## Exercise
Once you find the line with "Bach - Chorale" in the entries below, return exactly every line from it through the line with "#362 Clint Sammons".

## Materials provided
○ ○ ○ ○ ○ ○ ○

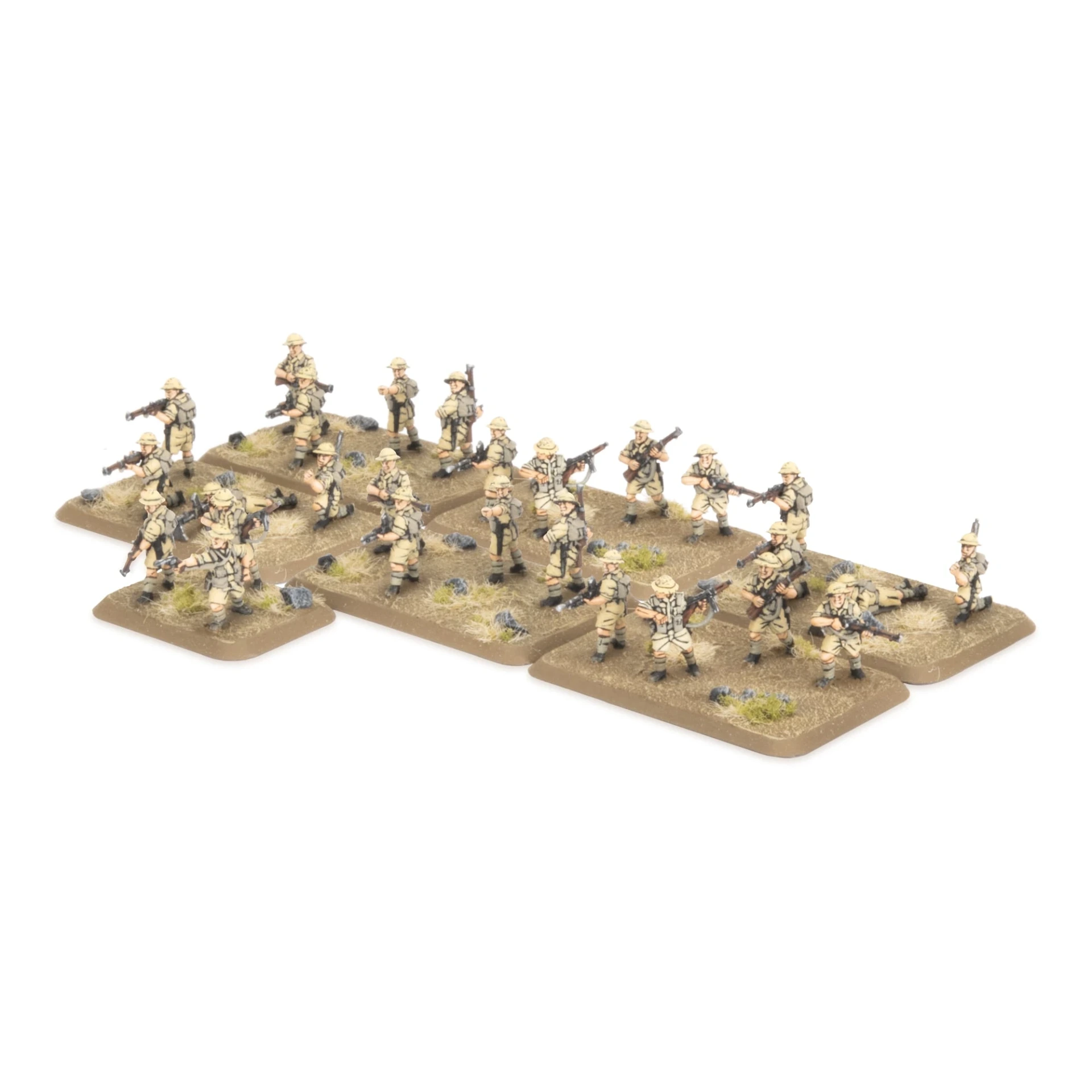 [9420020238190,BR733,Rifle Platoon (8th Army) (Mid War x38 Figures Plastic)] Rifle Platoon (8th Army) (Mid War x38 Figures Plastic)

○ ○ ○ ○ ○ ○ ○

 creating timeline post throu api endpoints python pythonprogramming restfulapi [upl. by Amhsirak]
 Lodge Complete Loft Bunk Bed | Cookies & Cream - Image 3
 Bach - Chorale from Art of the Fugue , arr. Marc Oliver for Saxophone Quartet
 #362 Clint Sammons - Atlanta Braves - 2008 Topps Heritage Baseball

○ ○ ○ ○ ○ ○ ○

## Finished task
 Bach - Chorale from Art of the Fugue , arr. Marc Oliver for Saxophone Quartet
 #362 Clint Sammons - Atlanta Braves - 2008 Topps Heritage Baseball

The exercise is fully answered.